Estimating shared subspace with AJIVE: the power and limitation of multiple data matrices
It addresses the challenge of disentangling joint and individual variations in integrative data analysis for researchers, providing theoretical insights into performance limits, but is incremental as it builds on existing JIVE methods.
This paper analyzes the Angle-based Joint and Individual Variation Explained (AJIVE) method for estimating shared subspaces in multi-matrix data, showing that its error decreases with more matrices in high signal-to-noise ratio (SNR) regimes but remains non-diminishing in low-SNR settings, with minimax lower bounds confirming optimality in high-SNR cases.
Integrative data analysis often requires disentangling joint and individual variations across multiple datasets, a challenge commonly addressed by the Joint and Individual Variation Explained (JIVE) model. While numerous methods have been developed to estimate the shared subspace under JIVE, the theoretical understanding of their performance remains limited, particularly in the context of multiple matrices and varying degrees of subspace misalignment. This paper bridges this gap by providing a systematic analysis of shared subspace estimation in multi-matrix settings. We focus on the Angle-based Joint and Individual Variation Explained (AJIVE) method, a two-stage spectral approach, and establish new performance guarantees that uncover its strengths and limitations. Specifically, we show that in high signal-to-noise ratio (SNR) regimes, AJIVE's estimation error decreases with the number of matrices, demonstrating the power of multi-matrix integration. Conversely, in low-SNR settings, AJIVE exhibits a non-diminishing error, highlighting fundamental limitations.
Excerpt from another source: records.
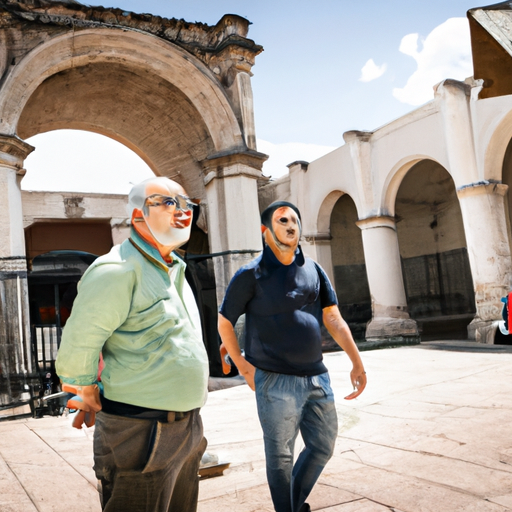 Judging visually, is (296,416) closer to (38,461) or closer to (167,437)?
(167,437)

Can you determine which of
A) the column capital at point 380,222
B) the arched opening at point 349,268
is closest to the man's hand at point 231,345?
the column capital at point 380,222

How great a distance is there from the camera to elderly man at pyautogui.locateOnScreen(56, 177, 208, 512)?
1.74m

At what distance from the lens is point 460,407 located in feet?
15.4

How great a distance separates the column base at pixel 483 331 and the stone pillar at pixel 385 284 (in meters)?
1.71

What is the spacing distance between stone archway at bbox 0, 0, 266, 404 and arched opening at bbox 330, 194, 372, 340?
821 cm

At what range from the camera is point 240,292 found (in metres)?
2.61

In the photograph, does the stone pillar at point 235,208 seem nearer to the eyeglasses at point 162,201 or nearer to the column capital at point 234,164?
the column capital at point 234,164

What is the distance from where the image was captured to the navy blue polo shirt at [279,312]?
248 centimetres

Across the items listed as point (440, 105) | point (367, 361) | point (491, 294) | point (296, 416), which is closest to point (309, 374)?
point (296, 416)

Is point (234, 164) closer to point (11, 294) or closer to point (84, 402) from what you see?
point (11, 294)

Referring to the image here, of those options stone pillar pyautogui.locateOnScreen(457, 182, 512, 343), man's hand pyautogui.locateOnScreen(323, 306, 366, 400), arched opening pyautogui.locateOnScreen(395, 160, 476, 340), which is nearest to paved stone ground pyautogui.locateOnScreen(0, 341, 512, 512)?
man's hand pyautogui.locateOnScreen(323, 306, 366, 400)

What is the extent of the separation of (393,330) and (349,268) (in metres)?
4.23

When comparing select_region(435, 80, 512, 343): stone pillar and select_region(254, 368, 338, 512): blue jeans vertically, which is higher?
select_region(435, 80, 512, 343): stone pillar

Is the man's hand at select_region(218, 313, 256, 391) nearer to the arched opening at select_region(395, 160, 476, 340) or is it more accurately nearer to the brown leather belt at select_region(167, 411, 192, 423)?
the brown leather belt at select_region(167, 411, 192, 423) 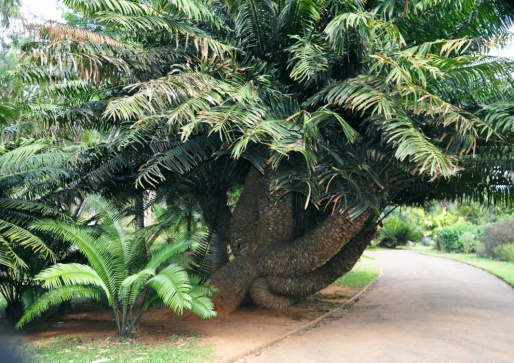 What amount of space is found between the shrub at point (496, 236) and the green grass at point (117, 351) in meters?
20.1

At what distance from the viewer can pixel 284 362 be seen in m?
6.80

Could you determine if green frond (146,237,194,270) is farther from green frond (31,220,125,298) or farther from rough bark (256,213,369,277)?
rough bark (256,213,369,277)

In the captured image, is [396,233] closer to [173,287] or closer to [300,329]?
[300,329]

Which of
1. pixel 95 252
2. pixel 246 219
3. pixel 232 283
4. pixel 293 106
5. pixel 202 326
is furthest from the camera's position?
pixel 246 219

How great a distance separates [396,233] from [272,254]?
26.6m

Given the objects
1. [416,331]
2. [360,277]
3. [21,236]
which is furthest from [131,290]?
[360,277]

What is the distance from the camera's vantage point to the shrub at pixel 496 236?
23672 millimetres

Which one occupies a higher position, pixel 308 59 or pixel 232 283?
pixel 308 59

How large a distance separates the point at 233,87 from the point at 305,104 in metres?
1.29

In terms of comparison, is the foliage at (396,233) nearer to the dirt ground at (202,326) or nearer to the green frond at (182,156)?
the dirt ground at (202,326)

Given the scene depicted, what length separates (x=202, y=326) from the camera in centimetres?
908

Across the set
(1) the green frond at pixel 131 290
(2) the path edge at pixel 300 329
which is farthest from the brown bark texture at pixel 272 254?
(1) the green frond at pixel 131 290

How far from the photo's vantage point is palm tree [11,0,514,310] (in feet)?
24.3

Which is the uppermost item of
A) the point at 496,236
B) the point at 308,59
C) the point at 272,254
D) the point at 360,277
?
the point at 308,59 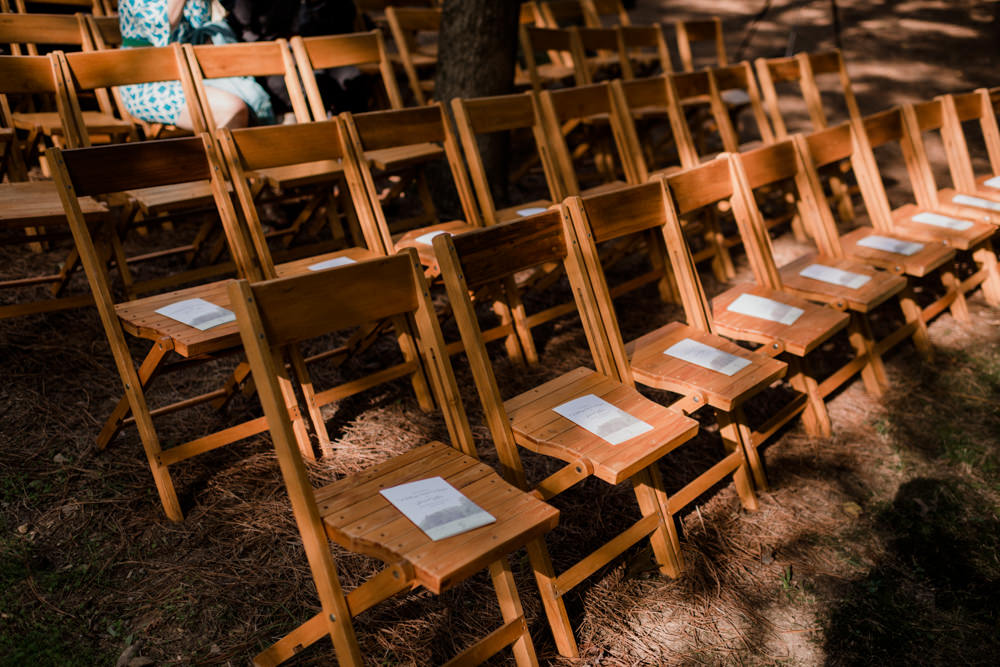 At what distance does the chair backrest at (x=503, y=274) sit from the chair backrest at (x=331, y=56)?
6.13 feet

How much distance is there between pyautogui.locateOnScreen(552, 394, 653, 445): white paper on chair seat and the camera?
2.12m

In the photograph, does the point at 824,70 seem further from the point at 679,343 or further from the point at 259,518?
the point at 259,518

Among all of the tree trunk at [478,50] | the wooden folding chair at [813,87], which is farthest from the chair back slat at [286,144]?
the wooden folding chair at [813,87]

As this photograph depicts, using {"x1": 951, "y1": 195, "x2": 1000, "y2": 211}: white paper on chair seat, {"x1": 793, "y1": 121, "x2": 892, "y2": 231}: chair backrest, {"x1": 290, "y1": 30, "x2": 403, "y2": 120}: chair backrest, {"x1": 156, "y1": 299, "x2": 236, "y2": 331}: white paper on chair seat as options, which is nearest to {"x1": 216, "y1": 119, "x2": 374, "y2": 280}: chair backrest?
{"x1": 156, "y1": 299, "x2": 236, "y2": 331}: white paper on chair seat

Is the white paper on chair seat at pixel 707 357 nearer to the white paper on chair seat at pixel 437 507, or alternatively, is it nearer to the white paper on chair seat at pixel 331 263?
the white paper on chair seat at pixel 437 507

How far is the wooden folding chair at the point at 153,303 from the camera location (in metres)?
2.34

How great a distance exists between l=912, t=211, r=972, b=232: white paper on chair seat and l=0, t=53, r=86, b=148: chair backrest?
425cm

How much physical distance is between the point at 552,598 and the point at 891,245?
8.92 feet

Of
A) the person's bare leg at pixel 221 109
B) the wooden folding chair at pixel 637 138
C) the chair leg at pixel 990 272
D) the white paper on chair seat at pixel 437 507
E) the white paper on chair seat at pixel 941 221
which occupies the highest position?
the person's bare leg at pixel 221 109

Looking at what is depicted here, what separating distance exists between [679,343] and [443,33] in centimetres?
262

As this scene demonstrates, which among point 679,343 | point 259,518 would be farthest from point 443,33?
point 259,518

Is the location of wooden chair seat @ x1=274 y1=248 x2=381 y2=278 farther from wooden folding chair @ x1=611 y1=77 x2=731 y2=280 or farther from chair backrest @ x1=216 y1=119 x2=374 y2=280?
wooden folding chair @ x1=611 y1=77 x2=731 y2=280

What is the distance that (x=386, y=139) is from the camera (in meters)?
3.24

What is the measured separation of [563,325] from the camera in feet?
13.0
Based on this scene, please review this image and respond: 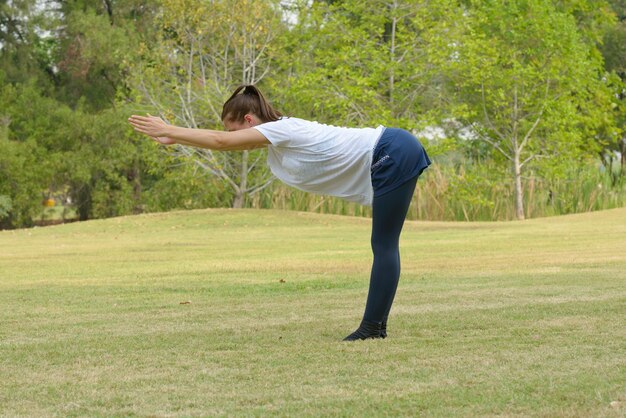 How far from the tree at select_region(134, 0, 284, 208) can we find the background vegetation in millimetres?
72

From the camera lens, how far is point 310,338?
6.54m

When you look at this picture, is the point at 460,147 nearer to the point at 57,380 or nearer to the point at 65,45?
the point at 65,45

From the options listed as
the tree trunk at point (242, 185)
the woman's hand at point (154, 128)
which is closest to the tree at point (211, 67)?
the tree trunk at point (242, 185)

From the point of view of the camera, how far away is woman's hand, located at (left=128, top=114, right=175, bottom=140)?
5.93 metres

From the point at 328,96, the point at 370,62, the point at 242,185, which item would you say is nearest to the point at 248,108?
the point at 328,96

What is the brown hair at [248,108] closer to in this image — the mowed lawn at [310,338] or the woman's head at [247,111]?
the woman's head at [247,111]

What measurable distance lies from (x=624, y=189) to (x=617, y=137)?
4.52m

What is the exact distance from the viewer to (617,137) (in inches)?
1467

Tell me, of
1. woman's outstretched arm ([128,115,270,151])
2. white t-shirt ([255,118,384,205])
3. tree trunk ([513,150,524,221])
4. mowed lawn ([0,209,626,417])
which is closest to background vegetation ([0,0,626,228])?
tree trunk ([513,150,524,221])

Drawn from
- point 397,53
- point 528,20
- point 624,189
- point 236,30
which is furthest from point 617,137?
point 236,30

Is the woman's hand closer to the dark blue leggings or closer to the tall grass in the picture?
the dark blue leggings

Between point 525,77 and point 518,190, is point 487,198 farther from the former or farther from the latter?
point 525,77

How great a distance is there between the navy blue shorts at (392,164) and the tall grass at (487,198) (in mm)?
24658

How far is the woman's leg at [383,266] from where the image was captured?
633 centimetres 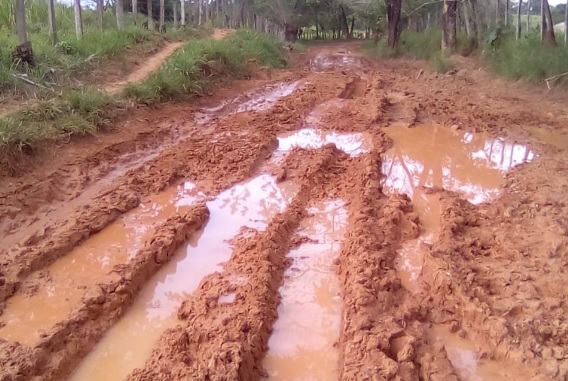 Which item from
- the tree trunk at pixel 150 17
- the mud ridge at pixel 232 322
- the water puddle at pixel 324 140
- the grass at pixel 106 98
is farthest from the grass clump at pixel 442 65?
the mud ridge at pixel 232 322

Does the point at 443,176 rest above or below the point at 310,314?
above

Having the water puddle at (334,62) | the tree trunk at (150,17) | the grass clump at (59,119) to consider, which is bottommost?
the water puddle at (334,62)

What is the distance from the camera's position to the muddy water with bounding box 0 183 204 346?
13.0 ft

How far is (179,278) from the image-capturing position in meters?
4.62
To complement these results, we derive minimax lower bounds, showing that AJIVE achieves optimal rates in high-SNR regimes. Furthermore, we analyze an oracle-aided spectral estimator to demonstrate that the non-diminishing error in low-SNR scenarios is a fundamental barrier. Extensive numerical experiments corroborate our theoretical findings, providing insights into the interplay between SNR, the number of matrices, and subspace misalignment.